If the result of 9 years of technological progress in this area is simply
that now you can do exactly the same thing on some other handheld device,
then I struggle to see how this will lead to some new wave of computing
following this model.

If there was a need or a benefit, people would be doing it already.  This is
certain, because it has been possible.  If people aren't doing something
that they could be doing, there is usually a reason.

Of course, some people ARE doing it already and HAVE BEEN doing it for
years.  But that doesn't mean that EVERYONE will be doing it in the future.


> Phone was free on a 2 year Vodaphone plan.)

If you really think that that means the phone was "Free" then I have to say
that doesn't actually say much about your perception of reality.

;)


> Hardware keeps getting cheaper, instead of $500-$1500 for
> computers, it soon becomes $50-$500 for desktop RDP devices,
> netbooks and super-phones.

Again, this is the same mantra that has been churned out for the last 10-15
years.

Have we *really* already forgotten the NetPC ?

Again I ask the question... if the NetPC hasn't dominated the computing
world in the last 10 years, what reason do we have for thinking it will be
different in the next 10 years?

The technology isn't the issue.  Everything you describe has been possible
for years.  And I don't think price is the issue either.

On that score, your predictions of "cheap as chips" devices is naive
hardware companies will always find ways to justify maintaining higher price
tags.  Cheaper (older) technology then starts to get more expensive as
maintenance of that technology becomes more expensive due to its "legacy"
nature and the manufacturers seek to price it out of the market to compel
their customers to buy more new technology.

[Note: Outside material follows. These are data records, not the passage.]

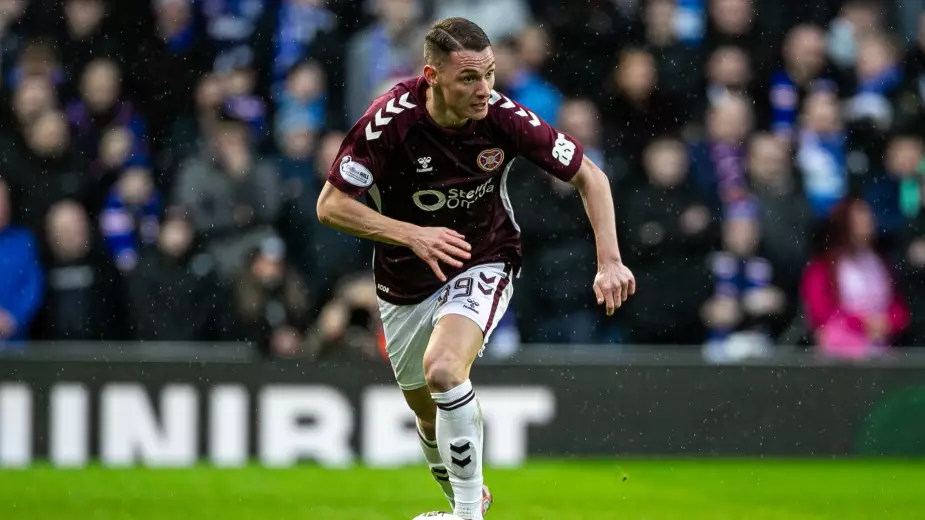 Ислам Чесноков помог "Хартсу" одержать сухую победу в чемпионате Шотландии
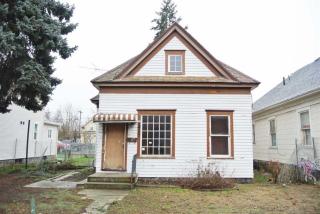 1417 Boone Ave, Spokane, WA 99201-2747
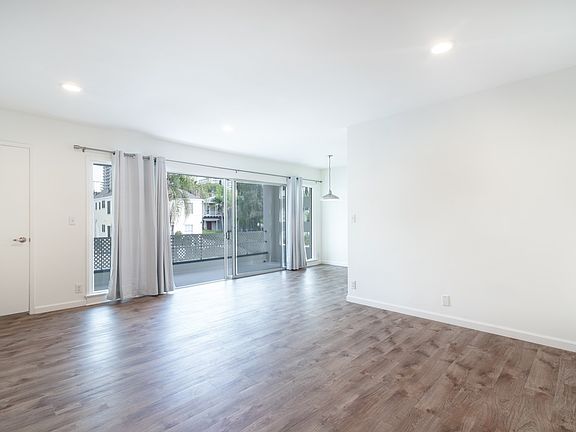 4th image of 10755 Ohio Ave APT 4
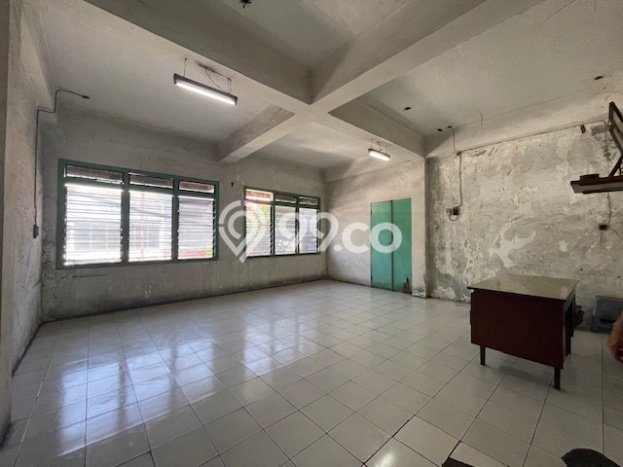 Ruko Dijual di Prime Area Surabaya Luas 337m2 Ruko Dijual di Prime Area Surabaya Luas 337m2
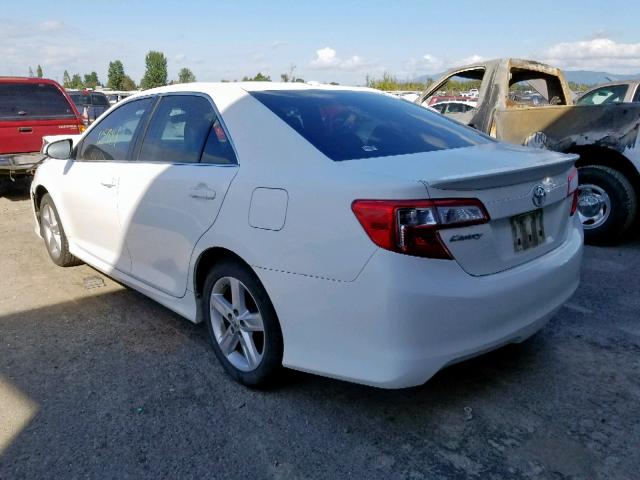 4T1BF1FK7CU532232 - 2012 TOYOTA CAMRY BASE WHITE photo 3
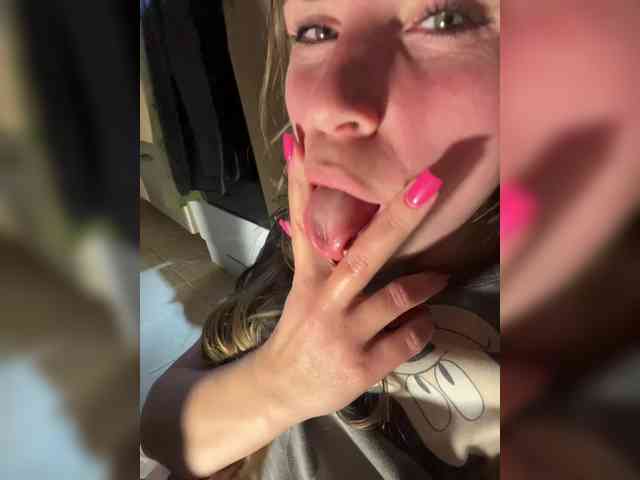 LolaSexxx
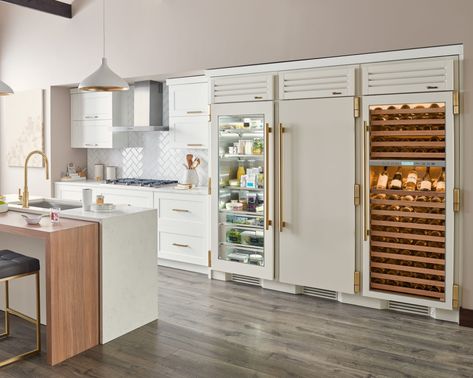 True Residential | Luxury Refrigerators with Commercial DNA Luxury Fridge, Luxury Refrigerator, True Residential, Commercial Fridge, Dirty Kitchen, Luxury Kitchen Design, Farmhouse Style Kitchen, Wine Cabinets, Luxury Kitchen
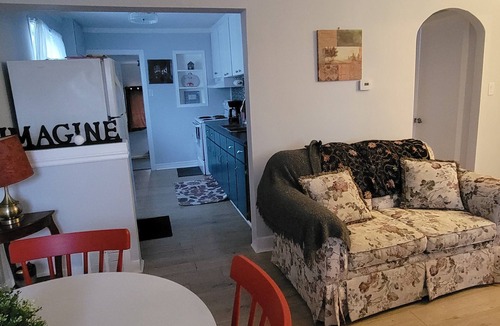 Welland House | The Cozy Cottage close to Magnificent Niagara Falls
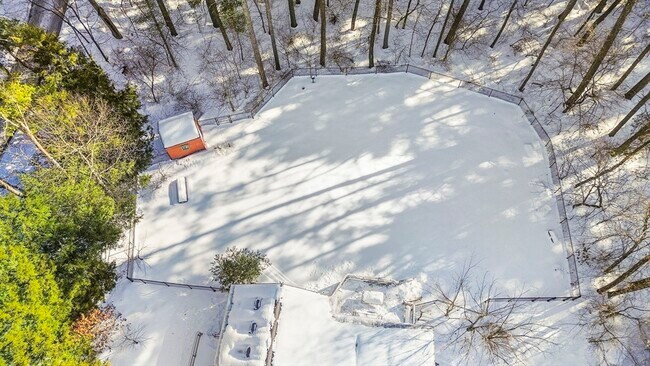 Building Photo - 77 Colonial Rd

It was always thus and always will be.

The hardware companies simply aren't going to play your game I'm afraid.


And going back further of course, is simply an evolution of the mainframe
and dumb terminals architecture that the industry started out with, and with
"software as a service", goes full circle back to the days of purchasing
computer time.  I'm far too young to remember those days myself (I'm a
client/server baby), but I'm old enough to remember that such models
existed.

The users of the technology moved away from such models en mass, and
embraced a far less mature and in some ways less reliable and more expensive
model.

I suspect that the "vision of the future" we get these days is more a
reflection of the lack of awareness of what is in the rear-view mirror among
the "visionaries" in industry today, than it is based on any genuine
understanding of what business wants/needs from technology.


> I have seen examples of a linux device able to boot in 1-2
> seconds.

Whoop-de-doo.

My laptop takes 2 minutes or more to (cold) boot to a usable environment.

Reduce that to 7 seconds and you won't actually get any more productivity
out of me, because while it's booting I'm making myself my morning coffee.

:)


> I don't know the answer to that, but as long as phones 
> and netbooks keep outselling desktops the market dollars 
> will decide it.

Sales numbers aren't the end of the story.  At work I use a laptop and don't
have a desktop in the office at all.  But my laptop is used AS a desktop.
It get's docked first thing in the morning and stays locked in its dock all
day.

The purchase of that device contributed to the "sales of laptops
outstripping desktops" but the way the device is used means it should really
count in the desktop column.

Sales of laptops and mobile devices also reflect other aspects of those
devices...

When my laptop develops a fault in a USB port, GFX card or whatever, I have
to buy a new laptop.  Servicing a laptop rarely makes economic sense.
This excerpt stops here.